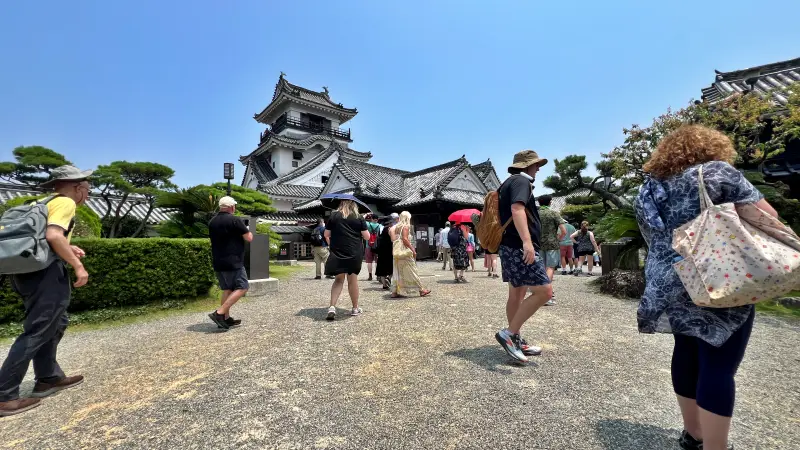 色んな所が賑やか 高知城は外国人だらけ 土曜夜市は子供達が楽しめます。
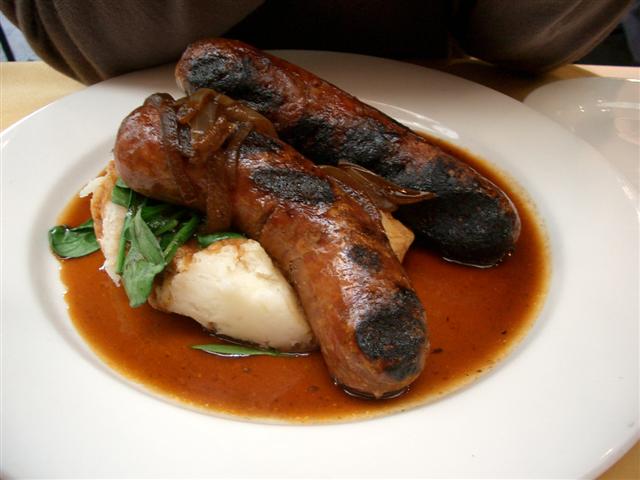 Bangers_and_mash_1.jpg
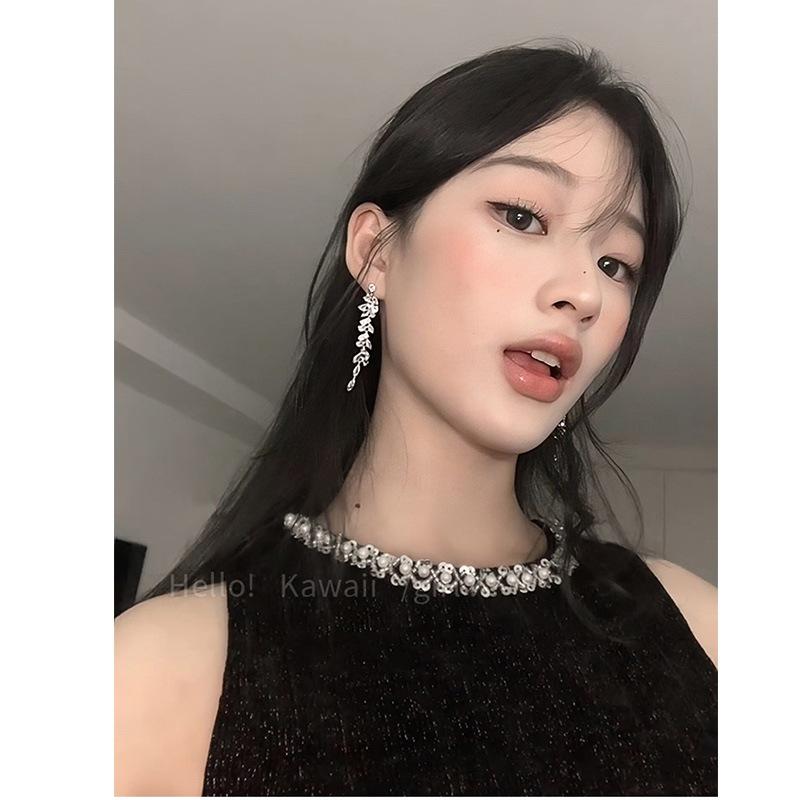 Minimalist Diamond-Encrusted Wheat Ear Tassel Earrings - Light Luxury, High-End Studs for a Fashionable, Elegant Look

•••

Exercise — Exactly the lines from the line that contains "Bangers_and_mash_1.jpg" through the last line above, and no other lines, must be output, with pictures excluded.

Task result —
 Bangers_and_mash_1.jpg
 Minimalist Diamond-Encrusted Wheat Ear Tassel Earrings - Light Luxury, High-End Studs for a Fashionable, Elegant Look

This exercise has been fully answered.